**Exercise directions:**
For the listing below, the answer is an exact retyping of the lines from the one with "Fea368fe e740 41ce" through the one with "Obraz premium Wisdom", both included, without pictures.

**Data provided:**
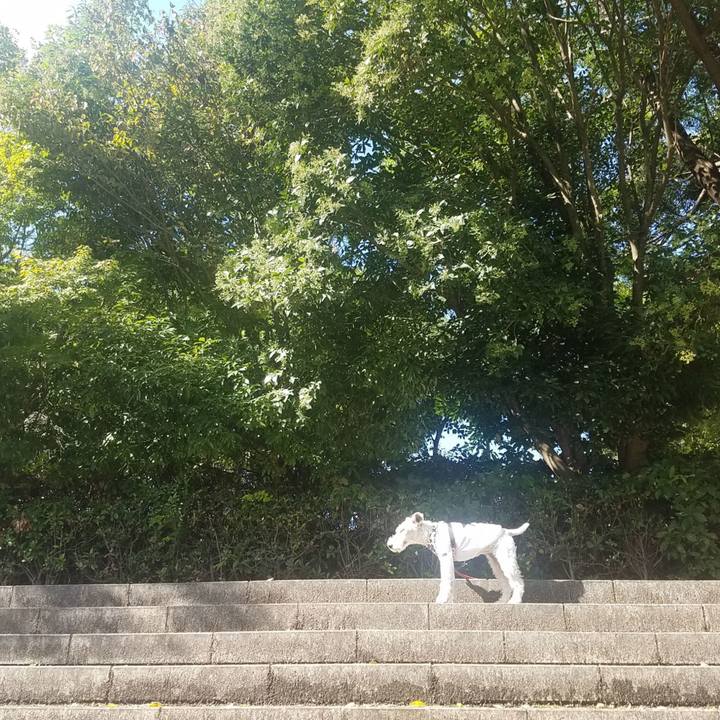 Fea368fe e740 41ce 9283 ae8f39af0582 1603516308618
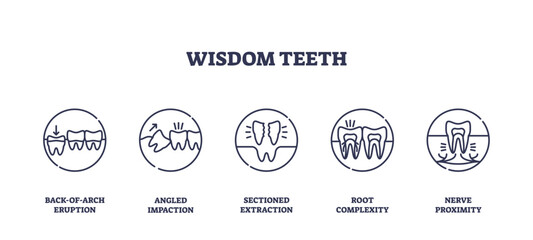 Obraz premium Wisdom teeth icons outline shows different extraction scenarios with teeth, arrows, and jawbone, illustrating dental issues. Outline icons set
==
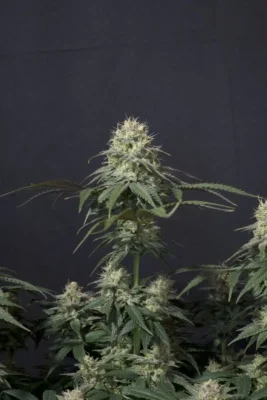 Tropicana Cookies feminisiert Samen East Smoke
...
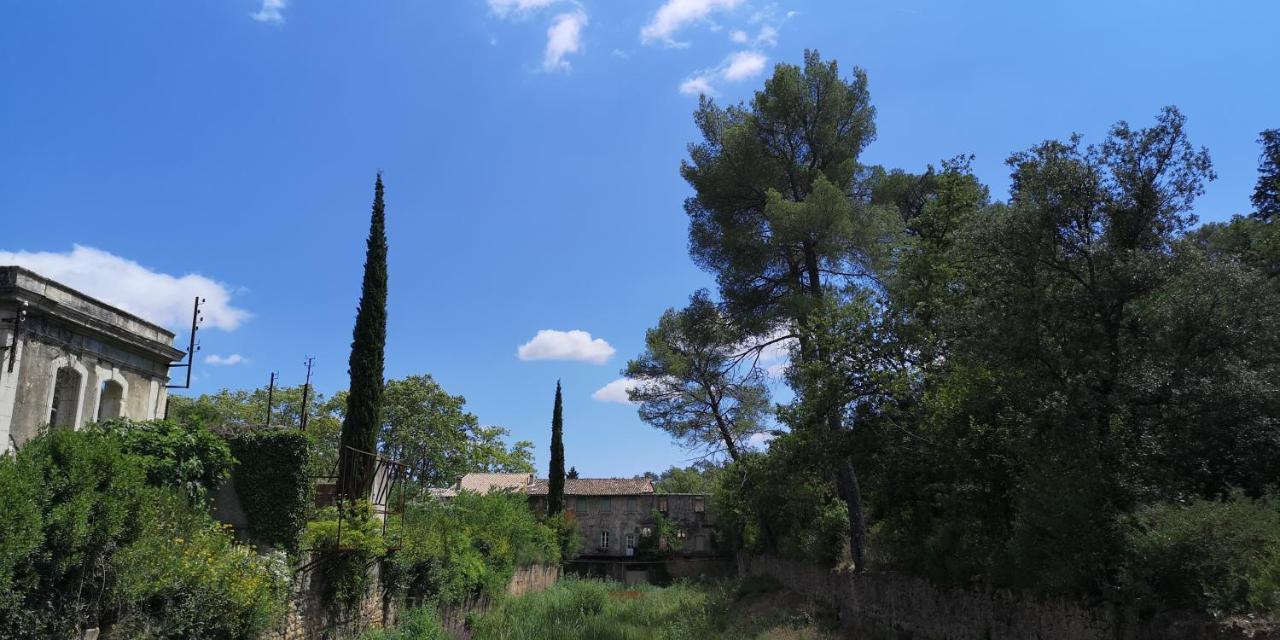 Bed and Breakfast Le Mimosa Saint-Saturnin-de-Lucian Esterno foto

**Result for this exercise:**
 Fea368fe e740 41ce 9283 ae8f39af0582 1603516308618
 Obraz premium Wisdom teeth icons outline shows different extraction scenarios with teeth, arrows, and jawbone, illustrating dental issues. Outline icons set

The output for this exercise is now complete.